Extending a PAI Module
Extending a PAI module makes it larger so that it can hold more
pointers to parent records:
- Move all of the modules after the module being extended down by
the size of the extension. Remember that the size of PAI module
must be a multiple of the minimum
module length.
- Fill in the extra space with zeros.
- All of the PAI pointers in the associated SAI file will be wrong
for modules that are located after this one in the PAI file. Update
them to reflect the new locations.
Deleting a Record
There are two ways to delete a record. It can be "marked" as
deleted, and it will be ignored by the Neuros (this is what the
firmware does when the user requests the a record to be delete):
- Set the "isDeleted" flag on the MDB record.
- Remove the entire SAI record associated with this record. This
must be done by moving the rest of the file up by the size of one
record.
- If this is a child database, clear the associated PAI module and
mark it as empty. The module does not actually have to be
removed.
- If this database has access keys, then the backlinking pointers
in each of the associated PAI modules in the child databases needs
to be removed. Removing a pointer from a PAI module requires it to
be erased by sliding all of the other entries in that module up.
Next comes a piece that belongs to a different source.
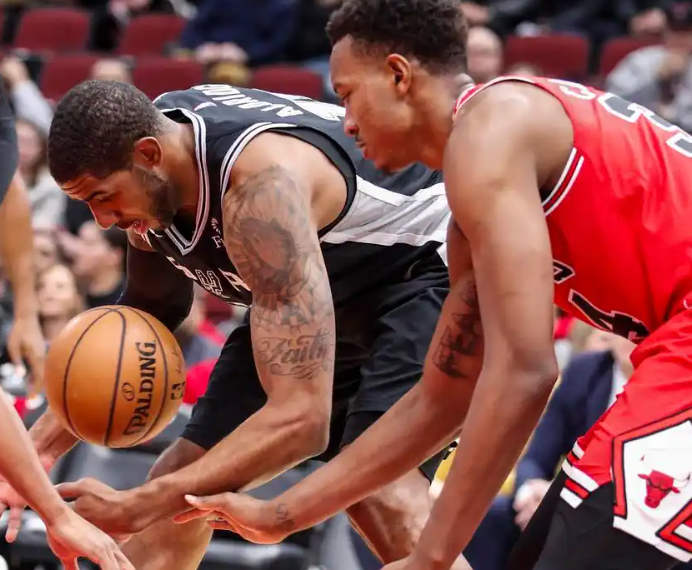 文班8分钟创历史最快两双，41+15统治马刺vs公牛战场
(Not the whole file! The module itself should not change size. Put
zeros in the extra spot in the module this creates.)
- If an access key in a child database no longer has any entries
in its PAI module, that means it is no longer used by any records in
the parent database and should be deleted. Follow these same steps
again for it.
Complete deletion of a record is much more difficult. It is
identical to the above process, but also requires the MDB records and
PAI modules to be removed from their respective files. This will
invalidate many pointers in the whole database, so it is perhaps
easier to rebuild the database from scratch than to attempt to update
the contents of the database in place.